Assigned task ▸ Directions for the data below: repeat exactly the lines from the one with "Under Armour Men's" through the one with "ITEMS URBANRESEARCH(アイテムズ アーバンリサーチ（レディース）)/二重織りマキシスカート∴/img09", both included, and omit all pictures.

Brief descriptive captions
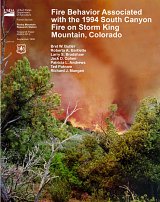 Cover: Fire Behavior Associated with the 1994 South Canyon Fire on Storm King Mountain, Colorado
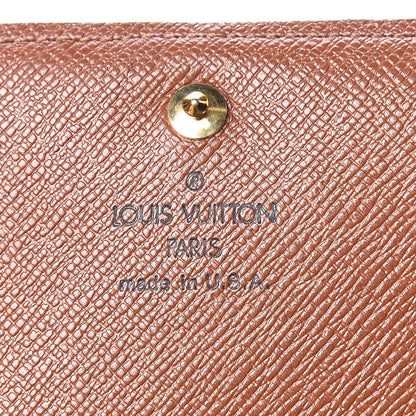 Louis Vuitton Monogram Porte-Monnaie Billets Tresor Wallet 7 of 9
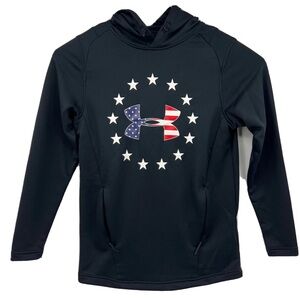 Under Armour Men's Black Patriotic Turtleneck Sweater size XL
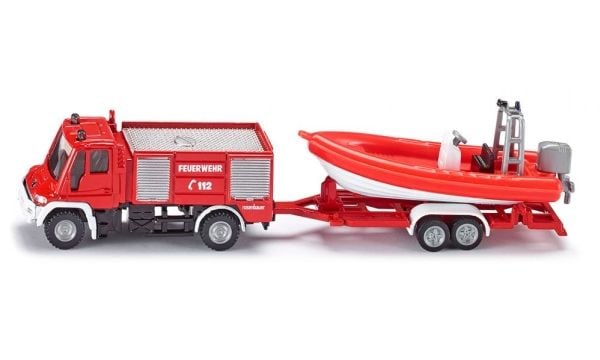 Siku Unimog brannbil med båt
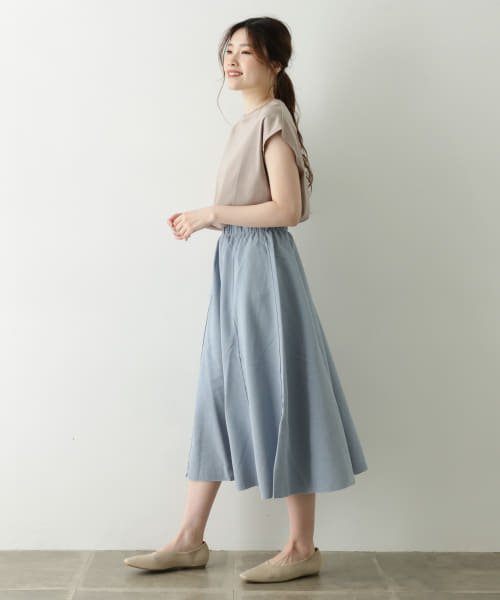 ITEMS URBANRESEARCH(アイテムズ アーバンリサーチ（レディース）)/二重織りマキシスカート∴/img09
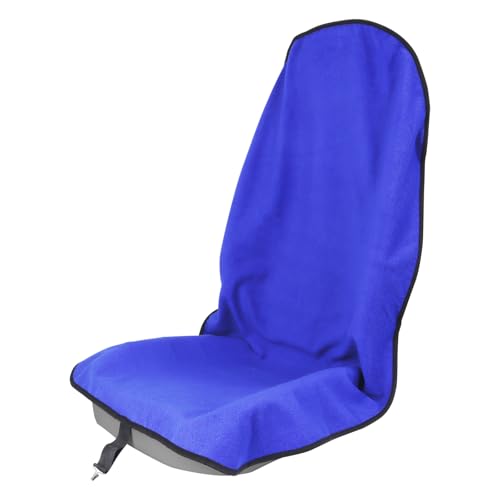 Sweat Towel Car Seat Cover Protector Front Seats for Gym Workout, Running, Swimming, Beach and Hiking, Waterproof Universal Seat Cover for Car, Truck, Van & SUV (Blue, 1pcs Front Seat) - color: Blue, size: 1pcs Front Seat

Exercise solution ▸
 Under Armour Men's Black Patriotic Turtleneck Sweater size XL
 Siku Unimog brannbil med båt
 ITEMS URBANRESEARCH(アイテムズ アーバンリサーチ（レディース）)/二重織りマキシスカート∴/img09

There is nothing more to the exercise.